Data fragmentation and distribution; distributed query processing and optimization; concurrency control; reliability and commit protocols; data replication; data management in practical distributed environments.
The course assumes familiarity with the functional aspects of databases (covered in CS 145) and knowledge of database system implementation techniques, including the basic understanding of indexing, query processing, transactions, and concurrency control (covered in CS 245).
CS 347 is a 3-unit course that can be taken either for a letter grade or for CR/NC. The coursework consists of 6 homework assignments (20% of the grade) plus a midterm and a final exam (35% and 45% of the grade, respectively).
The midterm exam will be administered in class on Wednesday, April 27.
The final exam is scheduled for Friday, June 3 (see official final exam schedule).
We will be using Gradiance for automated quiz homework assignments.

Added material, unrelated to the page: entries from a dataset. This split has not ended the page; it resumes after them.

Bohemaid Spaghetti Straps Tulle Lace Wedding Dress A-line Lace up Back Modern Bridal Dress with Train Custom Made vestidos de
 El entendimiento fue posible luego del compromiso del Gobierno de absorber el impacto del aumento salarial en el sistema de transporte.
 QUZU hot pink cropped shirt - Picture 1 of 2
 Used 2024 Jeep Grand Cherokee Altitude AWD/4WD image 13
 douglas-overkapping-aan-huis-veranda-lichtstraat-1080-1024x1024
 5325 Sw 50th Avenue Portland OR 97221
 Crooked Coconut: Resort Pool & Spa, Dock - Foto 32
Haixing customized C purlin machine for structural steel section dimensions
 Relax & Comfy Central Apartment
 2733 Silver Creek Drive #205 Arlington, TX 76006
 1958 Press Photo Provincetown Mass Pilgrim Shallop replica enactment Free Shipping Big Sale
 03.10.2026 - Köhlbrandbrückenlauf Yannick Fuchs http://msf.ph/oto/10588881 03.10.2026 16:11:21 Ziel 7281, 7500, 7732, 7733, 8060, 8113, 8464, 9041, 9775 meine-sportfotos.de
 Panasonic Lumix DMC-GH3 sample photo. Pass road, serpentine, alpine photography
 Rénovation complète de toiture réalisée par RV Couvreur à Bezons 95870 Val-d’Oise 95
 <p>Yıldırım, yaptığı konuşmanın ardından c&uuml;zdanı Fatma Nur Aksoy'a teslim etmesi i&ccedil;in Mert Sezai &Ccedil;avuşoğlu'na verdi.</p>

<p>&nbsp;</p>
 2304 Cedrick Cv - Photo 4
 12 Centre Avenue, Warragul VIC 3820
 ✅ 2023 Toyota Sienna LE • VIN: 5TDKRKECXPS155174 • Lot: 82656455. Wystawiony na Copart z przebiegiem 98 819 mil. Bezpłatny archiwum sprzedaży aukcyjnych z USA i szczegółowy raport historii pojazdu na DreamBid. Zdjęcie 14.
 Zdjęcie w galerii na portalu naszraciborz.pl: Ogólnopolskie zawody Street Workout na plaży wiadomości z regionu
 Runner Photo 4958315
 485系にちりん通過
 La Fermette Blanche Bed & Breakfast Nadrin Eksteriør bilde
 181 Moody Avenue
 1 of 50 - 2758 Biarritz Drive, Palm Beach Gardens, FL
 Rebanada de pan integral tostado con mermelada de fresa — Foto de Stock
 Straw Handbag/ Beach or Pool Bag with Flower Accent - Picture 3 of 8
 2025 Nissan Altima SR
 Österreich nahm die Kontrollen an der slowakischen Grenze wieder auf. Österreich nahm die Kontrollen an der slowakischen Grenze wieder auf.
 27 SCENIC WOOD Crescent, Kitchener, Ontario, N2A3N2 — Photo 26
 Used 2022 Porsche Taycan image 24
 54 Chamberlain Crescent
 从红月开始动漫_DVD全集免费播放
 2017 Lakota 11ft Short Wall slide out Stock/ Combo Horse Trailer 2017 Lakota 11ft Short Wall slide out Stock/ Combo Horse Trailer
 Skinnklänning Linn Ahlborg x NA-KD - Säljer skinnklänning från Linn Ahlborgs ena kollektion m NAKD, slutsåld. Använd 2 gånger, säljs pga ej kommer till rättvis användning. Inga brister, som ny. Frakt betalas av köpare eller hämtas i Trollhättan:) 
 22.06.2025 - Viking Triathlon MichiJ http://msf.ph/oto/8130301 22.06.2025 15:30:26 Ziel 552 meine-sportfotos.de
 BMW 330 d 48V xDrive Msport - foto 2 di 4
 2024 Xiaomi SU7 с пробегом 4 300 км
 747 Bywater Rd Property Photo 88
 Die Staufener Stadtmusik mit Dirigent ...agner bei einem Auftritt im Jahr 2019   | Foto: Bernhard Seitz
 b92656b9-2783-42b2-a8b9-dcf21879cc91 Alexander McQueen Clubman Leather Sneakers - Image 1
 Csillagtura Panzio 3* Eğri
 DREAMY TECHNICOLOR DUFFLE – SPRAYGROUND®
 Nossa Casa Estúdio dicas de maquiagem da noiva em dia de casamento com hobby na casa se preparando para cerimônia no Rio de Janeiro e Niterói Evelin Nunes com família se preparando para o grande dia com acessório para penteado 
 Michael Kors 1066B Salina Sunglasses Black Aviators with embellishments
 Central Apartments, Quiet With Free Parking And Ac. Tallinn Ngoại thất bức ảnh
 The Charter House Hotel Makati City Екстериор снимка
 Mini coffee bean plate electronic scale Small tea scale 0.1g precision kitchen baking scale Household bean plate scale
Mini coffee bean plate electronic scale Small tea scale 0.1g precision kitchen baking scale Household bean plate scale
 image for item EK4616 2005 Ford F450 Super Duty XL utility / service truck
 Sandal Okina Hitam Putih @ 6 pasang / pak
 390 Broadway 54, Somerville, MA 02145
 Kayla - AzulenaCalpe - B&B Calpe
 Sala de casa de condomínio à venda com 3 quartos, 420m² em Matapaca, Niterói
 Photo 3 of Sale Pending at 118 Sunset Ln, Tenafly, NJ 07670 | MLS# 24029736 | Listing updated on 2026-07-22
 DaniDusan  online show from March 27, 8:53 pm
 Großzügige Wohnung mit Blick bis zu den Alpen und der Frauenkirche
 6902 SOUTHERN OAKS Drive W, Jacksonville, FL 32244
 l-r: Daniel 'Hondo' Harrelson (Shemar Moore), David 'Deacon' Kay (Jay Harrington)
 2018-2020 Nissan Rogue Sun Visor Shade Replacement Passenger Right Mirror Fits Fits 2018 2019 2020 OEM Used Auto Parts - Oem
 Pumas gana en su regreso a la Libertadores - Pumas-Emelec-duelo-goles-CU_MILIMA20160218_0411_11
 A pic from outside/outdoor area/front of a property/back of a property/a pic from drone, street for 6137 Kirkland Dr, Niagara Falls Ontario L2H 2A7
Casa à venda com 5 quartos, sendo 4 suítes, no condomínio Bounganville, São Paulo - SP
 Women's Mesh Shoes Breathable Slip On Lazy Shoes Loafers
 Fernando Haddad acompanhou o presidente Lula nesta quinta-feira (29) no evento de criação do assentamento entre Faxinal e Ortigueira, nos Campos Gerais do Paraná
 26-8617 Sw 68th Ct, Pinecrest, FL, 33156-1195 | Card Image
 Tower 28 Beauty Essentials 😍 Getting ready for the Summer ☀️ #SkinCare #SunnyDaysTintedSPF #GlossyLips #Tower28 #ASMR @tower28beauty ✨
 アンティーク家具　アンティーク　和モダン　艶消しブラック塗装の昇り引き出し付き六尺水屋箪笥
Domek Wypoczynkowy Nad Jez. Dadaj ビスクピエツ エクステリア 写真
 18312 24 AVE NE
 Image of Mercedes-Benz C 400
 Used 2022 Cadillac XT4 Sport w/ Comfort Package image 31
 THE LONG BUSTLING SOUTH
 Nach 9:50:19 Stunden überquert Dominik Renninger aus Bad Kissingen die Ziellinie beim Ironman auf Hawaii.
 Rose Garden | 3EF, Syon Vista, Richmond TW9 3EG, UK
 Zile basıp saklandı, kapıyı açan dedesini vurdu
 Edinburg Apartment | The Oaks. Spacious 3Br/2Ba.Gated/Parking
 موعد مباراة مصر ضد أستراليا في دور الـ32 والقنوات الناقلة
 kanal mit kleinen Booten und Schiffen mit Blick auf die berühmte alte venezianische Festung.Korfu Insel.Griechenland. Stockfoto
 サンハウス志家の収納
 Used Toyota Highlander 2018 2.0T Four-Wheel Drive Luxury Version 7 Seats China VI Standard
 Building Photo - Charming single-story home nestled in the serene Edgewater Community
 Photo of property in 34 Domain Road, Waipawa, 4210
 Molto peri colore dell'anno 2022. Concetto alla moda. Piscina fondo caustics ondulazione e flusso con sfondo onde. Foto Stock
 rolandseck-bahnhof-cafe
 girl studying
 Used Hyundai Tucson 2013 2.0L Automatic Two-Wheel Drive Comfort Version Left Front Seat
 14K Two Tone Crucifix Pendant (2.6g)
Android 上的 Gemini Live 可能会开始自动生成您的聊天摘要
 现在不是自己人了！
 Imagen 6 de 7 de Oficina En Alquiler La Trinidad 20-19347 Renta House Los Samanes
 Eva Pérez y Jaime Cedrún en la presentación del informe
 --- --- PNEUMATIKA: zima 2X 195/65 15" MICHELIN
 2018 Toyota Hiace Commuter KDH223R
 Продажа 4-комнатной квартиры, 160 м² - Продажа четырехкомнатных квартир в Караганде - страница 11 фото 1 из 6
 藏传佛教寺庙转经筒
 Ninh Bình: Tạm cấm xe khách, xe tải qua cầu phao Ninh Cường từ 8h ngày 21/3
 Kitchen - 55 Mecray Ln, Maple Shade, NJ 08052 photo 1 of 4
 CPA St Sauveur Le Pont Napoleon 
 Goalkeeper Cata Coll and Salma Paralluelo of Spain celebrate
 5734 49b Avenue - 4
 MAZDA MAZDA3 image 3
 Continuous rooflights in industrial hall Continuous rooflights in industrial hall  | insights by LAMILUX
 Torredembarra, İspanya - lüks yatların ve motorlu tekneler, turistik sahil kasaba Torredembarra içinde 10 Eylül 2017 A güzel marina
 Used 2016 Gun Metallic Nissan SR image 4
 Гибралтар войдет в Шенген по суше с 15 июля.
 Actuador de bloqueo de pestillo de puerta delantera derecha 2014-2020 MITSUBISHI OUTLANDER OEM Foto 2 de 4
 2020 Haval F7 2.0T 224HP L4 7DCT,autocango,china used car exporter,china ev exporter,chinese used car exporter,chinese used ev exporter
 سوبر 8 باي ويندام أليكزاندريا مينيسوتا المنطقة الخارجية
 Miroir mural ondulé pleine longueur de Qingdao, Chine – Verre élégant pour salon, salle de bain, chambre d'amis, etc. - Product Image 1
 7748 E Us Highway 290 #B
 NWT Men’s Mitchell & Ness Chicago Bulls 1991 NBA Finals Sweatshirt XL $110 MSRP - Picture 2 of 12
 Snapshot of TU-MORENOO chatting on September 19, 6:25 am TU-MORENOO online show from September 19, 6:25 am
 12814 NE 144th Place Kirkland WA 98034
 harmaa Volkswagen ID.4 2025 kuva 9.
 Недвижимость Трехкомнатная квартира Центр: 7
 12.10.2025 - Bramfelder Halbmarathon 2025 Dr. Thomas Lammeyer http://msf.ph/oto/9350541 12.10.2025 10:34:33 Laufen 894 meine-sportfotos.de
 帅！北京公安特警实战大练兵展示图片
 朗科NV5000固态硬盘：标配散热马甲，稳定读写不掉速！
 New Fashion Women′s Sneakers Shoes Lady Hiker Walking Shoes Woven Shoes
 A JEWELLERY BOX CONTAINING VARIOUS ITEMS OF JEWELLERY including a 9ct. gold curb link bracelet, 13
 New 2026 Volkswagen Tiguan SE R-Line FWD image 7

Please create an account there if you don't have one already. (Note that passwords are at least 10 letters and digits with at least one of each). Please use your real first and last name, with the standard capitalization, along with your Stanford email (SUNet ID) so we can match your Gradiance score report to enrollment records. If you need to, you can change you name and email by following the Update Account link on the left hand side menu.
On your Gradiance home page, you'll be able to sign up for CS 347 using class code B06437ED. Once enrolled, you will be able to access the assigned quizzes on the Homeworks page. You may try the quizzes as many times as you like, and we hope everyone will eventually get 100%. Only the scores from your last attempt will be recorded.
The secret is that each of the questions involves a long-answer problem, which you should work through. The Gradiance system gives you randomized sets of right and wrong answers for each question each time you open a quiz, and thus samples your knowledge of the full problem. Multiple questions may refer to the same long-answer problem. While there are ways to game the system, it is hard to get 100% of the corresponding questions right at the same time without actually working the problems. Also note that you have to wait at least 10 minutes between submissions, so brute-force random guessing will not work.
Solutions appear after the problem set is due. However, you must submit at least once, so that your most recent attempt appears with the solutions embedded.
Note that we cannot—under any circumstances—extend the quiz deadline. Once the deadline has passed, you will not be able to submit your solutions. Put another way, there are no late days for Gradiance.
For additional details on using Gradiance, please refer to the Student Guide.
We trust that you will abide by the Stanford Honor Code.
Under the honor code, each of you is expected to solve the assigned problems independently and to submit your own original work. We encourage you to form study groups and you may discuss homework problems with fellow students. On occasions, it may also be useful to ask others—including instructors—for hints or talk generally about the assignment. However, you must write the solutions independently and without referring to written notes from joint sessions: that is, you must understand the solution well enough in order to reconstruct it by yourself. In addition, you must indicate any assistance that you received.
Since we occasionally reuse assignment questions from previous years, we expect students not to copy, refer to, or look at the earlier solutions in preparing their answers. Intentionally referring to previous (official or unofficial) solutions is considered an honor code violation.
Finally, posting your homework solutions to a place where it is easy for other (current or future) students to access them is considered an honor code violation as well.